Le récit du Portrait de Jennie n’est que l’un des fils du nouveau roman de Philippe Forest. Le narrateur nous convie par ailleurs, dans une alternance savamment orchestrée, à une visite guidée du Metropolitan Museum of Art de New York autour de quelques toiles de peintres américains. Chaque chapitre s’intéresse à un tableau qui entre en résonance avec l’histoire d’Adams et avec la vie de l’auteur. La plume de Philippe Forest se fait pinceau, notamment dans de très belles descriptions de paysages enneigés. Les arts se mêlent, tout comme les œuvres se confondent avec le réel, rendant impossible de déterminer ce qui relève ou non de l’imagination, du rêve, de l’hallucination. La fin du roman parachève très habilement ce brouillage des frontières entre fiction et réalité. Le lecteur s’y perd, avec ravissement.
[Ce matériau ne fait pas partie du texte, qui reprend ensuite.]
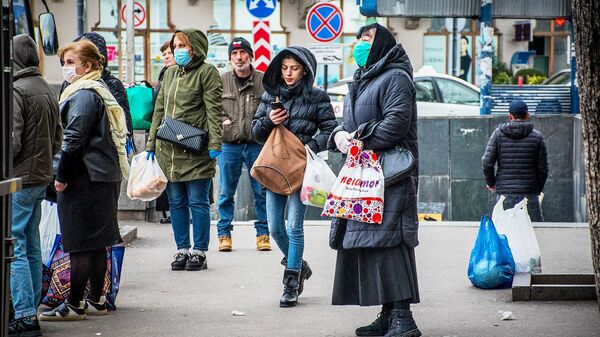 Жители Тбилиси на автобусной остановке в масках. В Грузии борются с коронавирусом - Sputnik Грузия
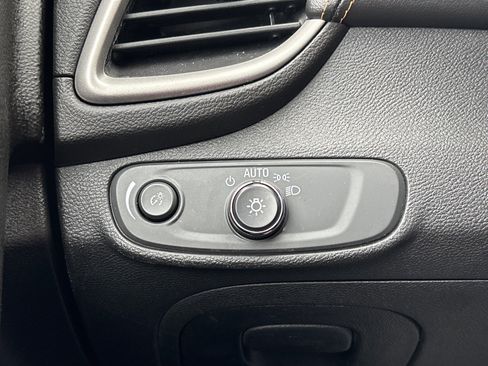 Used 2017 Chevrolet Trax LT w/ LT Convenience Package image 17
Philippe Forest l’a dit et répété, il ne croit pas à la littérature de résilience. Si l’Art ne guérit pas, il permet néanmoins de maintenir un dialogue avec l’être disparu : « Depuis le début, avec chacune des histoires que je raconte, je peins le même portrait, je le fais avec l'idée que si un jour j'y parviens vraiment, il rendra la vie à ce que j'ai perdu. D'une certaine façon, en tout cas. Bien sûr, je n'y crois pas. […] Mais si je recommence, sans doute est-ce parce que j'y crois quand même un peu. » Et le lecteur y croit avec lui.
Et personne ne sait, Philippe Forest, Gallimard, 2025, 123 pages.